I hope it really does get dangerous for this scumbag. The world would be
better off without him and all the rest of the people like him.

------
BrianHenryIE
The first time I traveled Amtrak, as a tourist in 2013, I was shocked to be
asked for photo id just to buy my ticket. It seems a bit "Papers, please".

------
kburman
Offtopic: What a strange layout this website has. No offense, Failed to make
any sense to me.

------
Keverw
Interesting about one-way itineraries... I always wanted to go on a cross
country train trip, the only time I've ever been on trains was at theme parks
that just do a loop. No Wi-Fi though sounds a downer though. Maybe a time to
read an ebook or edit vacation videos... My dream if ever making it big in
tech is to retire early and travel full time, by train, cruise ship, by plane
then buy an rv when ready to settle down some and slow down a bit with a house
on wheels... Kinda interested in all styles of travel. So few years of
traveling full time with just a suitcase and backpack, then buy my dream RV.
Which be nice, be my own little apartment on wheels, can cook instead of
eating out all the time, but still minimalism.

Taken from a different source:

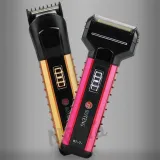 Tông đơ cắt tóc + Cạo râu + Tỉa lông mũi: Boteng 3 trong 1 Cao cấp đa năng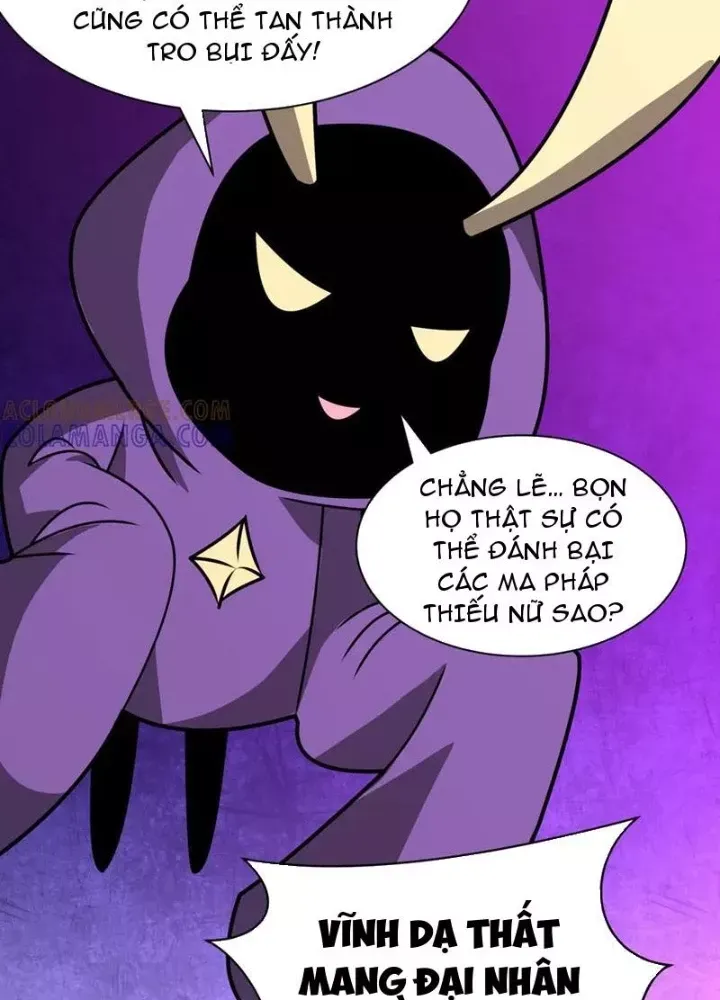 Kỷ Nguyên Kỳ Lạ - Chapter 506 - Page 58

I think buying a big house, staying in the same area 98% of the year if lucky
enough to even go on a vacation and collecting junk would be boring. I know
some couples have so much junk, they argue about it and have cluttered houses.
Then people load everything on credit, which if used responsibly and paid back
monthly you get reward points, but some people just let it get to them. I
rather have more experiences than collecting things, and the things I have
should have a purpose. Then even if you pay off your house in full, you don't
really own it. If the state decides to build a new highway or high speed rail,
they'll just knock it down. At least with a RV or Tiny house on wheels you can
move it. Someone with a $250,000 RV probably owns it more than someone living
in a 5 million dollar mansion, yet they are more homeless than someone living
in a $100,000 house.

So much to see and do, people dream about this all the time but money is a
stopper sadly. There's a guy who owns his own business and decided to just
cruise non stop, makes him happy and don't have much to take care of but he
stays on the same ship about 6 months at a time booked back to back so he can
have the same stateroom, I rather check out different ships and itineraries
but everyone has different travel styles and wants. I know they have routes
between Seattle and California, so maybe if booked 2 cruises with time to
spare in between taking a train instead of a plane would be more scenic and a
different experience, something to try at least once in a lifetime.

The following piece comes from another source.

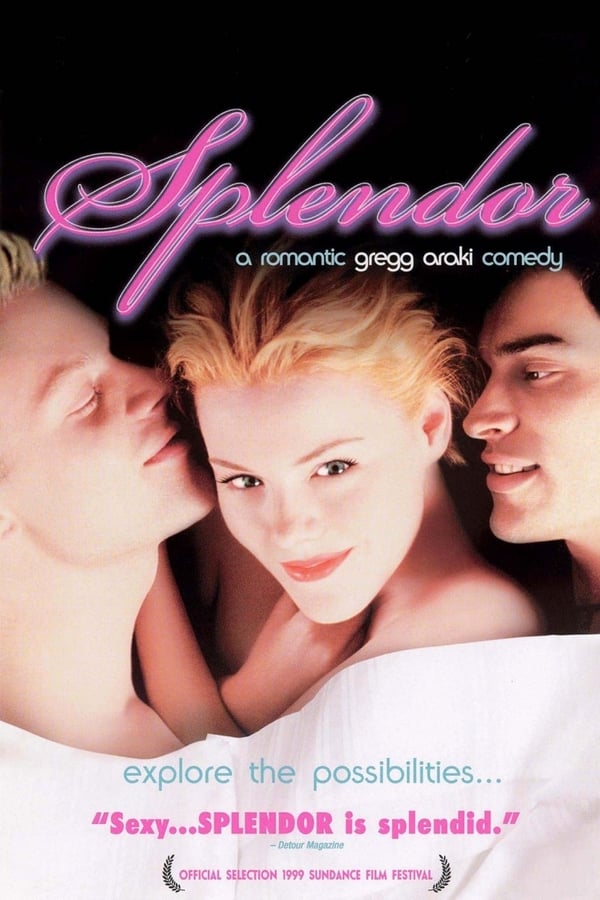 Cover of the movie Splendor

Also, I heard they cut the diner car out, and it's more airline type food now
in an effort to save money. There's even a site called Amtrak Vacations too,
so I figured one-way trips would be more common... People might fly and ride
the train and fly back home or whatever next if they are a nomad.

It makes me sad people don't know their rights, even corporate media too... I
seen recently a news story where they blur the video of the police, which I'm
surprised since they are public officials. I feel like our founding fathers
are tossing in their graves at what America is turning into, but I doubt any
other country is much better anyways since some places are even worse.

I know officials get sworn in to uphold the constitution, but I don't think
they even read it... Just raise their hand and repeat what they are told to be
sworn in. Should quiz them on it.

Also surprised they don't search bags beforehand or tickets before getting
on... I always figured it'd be similar to an airport. I know I heard a
conductor goes seat to seat checking tickets at random, so seems a bit
backward to me. I figured they would check everything before you board.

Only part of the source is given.